Throughout the listening process, look for to the most pressing practical concern where you can provide assistance. Be aware of persistent or more severe reactions that might indicate a need for professional care.

Protect

The second step in delivering psychological first aid is to protect them from on-going stress.  Protecting people from continued psychological trauma means addressing practical, basic needs, providing information and ideas, and connecting them with appropriate resources.  Examples of this include:

  • Provide first aid that addresses physical injuries.
  • Address the “basics” such as food and water, or a warm blanket.

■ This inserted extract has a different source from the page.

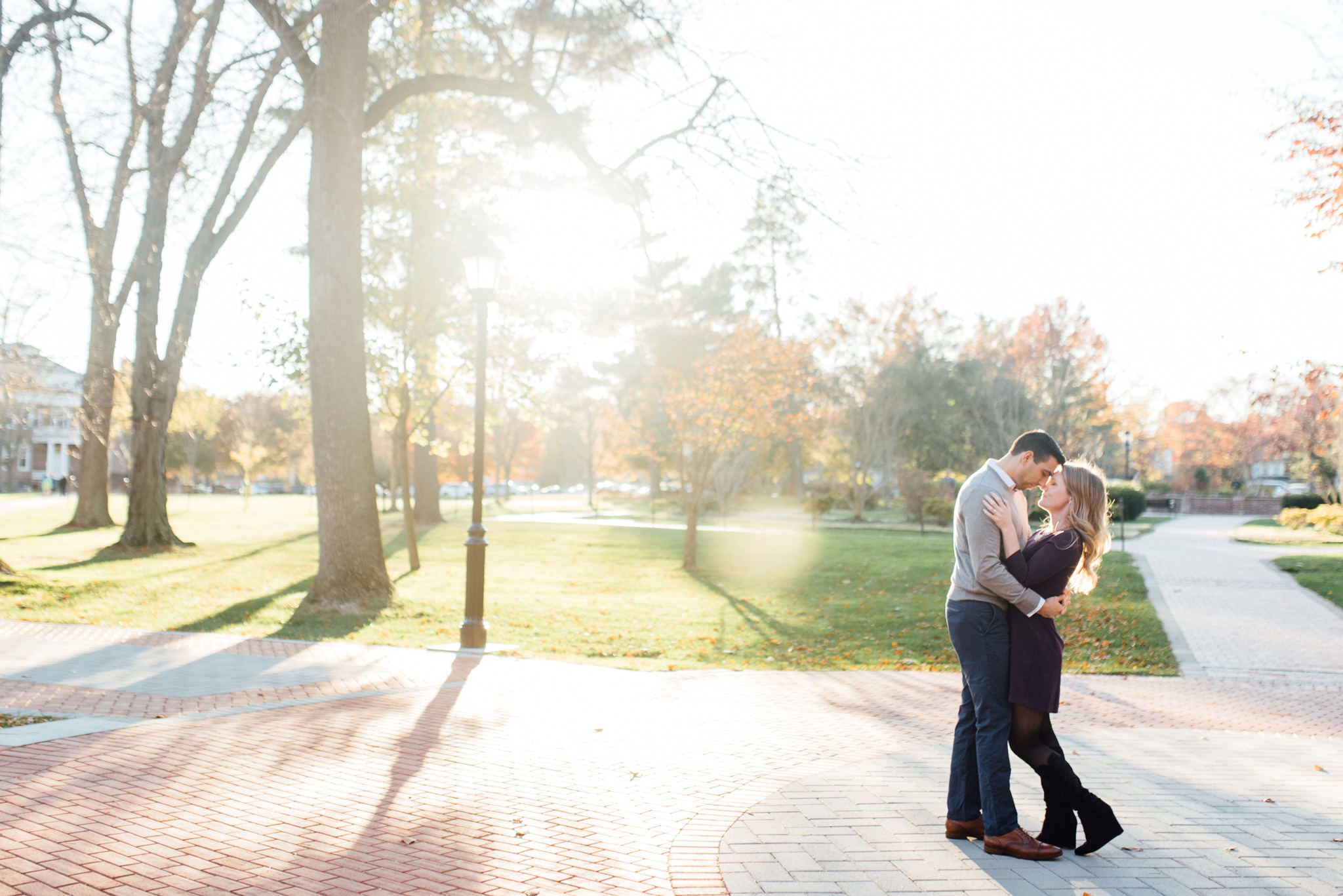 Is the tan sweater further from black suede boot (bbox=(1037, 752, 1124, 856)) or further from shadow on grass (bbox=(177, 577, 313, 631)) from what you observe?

This can also mean providing for basic needs such as assistance with transportation or childcare, or connecting them with resources such as FEMA or Red Cross recovery centers.
  • Express sympathy and support through your continued presence, even if you cannot “fix” the underlying problem. 
  • Answer questions about what happened with honest and factual information. It is also okay to acknowledge if you do not know, as information in a disaster changes rapidly.  
  • Get updated and current information about current response and recovery resources so you can be a conduit of information and provide referrals. 
  • Encourage positive coping by building on what works for them (and avoids destructive coping such as drugs or alcohol).
  • Affirm their ideas and strategies by believing in them and their efforts.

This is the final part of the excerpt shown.